Aussi continuais-je à marcher. Encore et encore. Inlassablement. Jusqu’à ce que le temps, l’épuisement et la douleur ne soient avalés par la brume à leur tour.
C’est seulement alors, quand marcher un mètre ou une heure devint là même chose que marcher des kilomètres ou des siècles, que je sentis le sol s’incliner doucement sous mes pieds.
Continuant mes efforts, je gravis péniblement les immenses montagnes qui gardaient l’entrée de ma demeure. Prenant plaisir aux baisers glacés que leur souffle semblait me prodiguer. Comme de vieilles amies perdues de vue depuis trop longtemps qui auraient fêté mon retour parmi elles.
Lorsque j’atteignis leurs sommets, je plongeais, avec appréhension, mon regard dans la vallée qui s’étendait au-delà…
Et qui désormais était enseveli sous la neige et la glace.
Du blanc. Partout du blanc. À perte de vue. Il ne restait ni champ, ni forêt, ni cours d’eau. Seulement du blanc que nul empreintes de pas, humaine ou animal ne venaient souiller.

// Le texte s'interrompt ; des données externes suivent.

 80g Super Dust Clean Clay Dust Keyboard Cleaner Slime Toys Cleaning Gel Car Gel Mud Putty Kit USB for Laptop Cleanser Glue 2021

Seul s’élevait encore, bien au-dessus de cette épaisse chape de neige, l’arbre qui trônait au centre de mon domaine depuis toute éternité. Yggdrasil. Sanctuaire de tant de souvenirs… Et de tant de rêves avortés. Le foyer que j’avais dû me résoudre à fuir, et que je n’aurais jamais dû quitter… Tout était à rebâtir maintenant. Et je devrais le faire seul.
Il y avait tant à faire. Même pour moi. Même ici. Pourtant, le désespoir et l’abattement glissèrent sur moi. Je ne fuirais plus.
Telle une complice bienveillante venue saluer ma détermination, la lune s’éleva dans le ciel. Éclairant mon chemin tandis que je descendais des montagnes pour reprendre possession de mon foyer.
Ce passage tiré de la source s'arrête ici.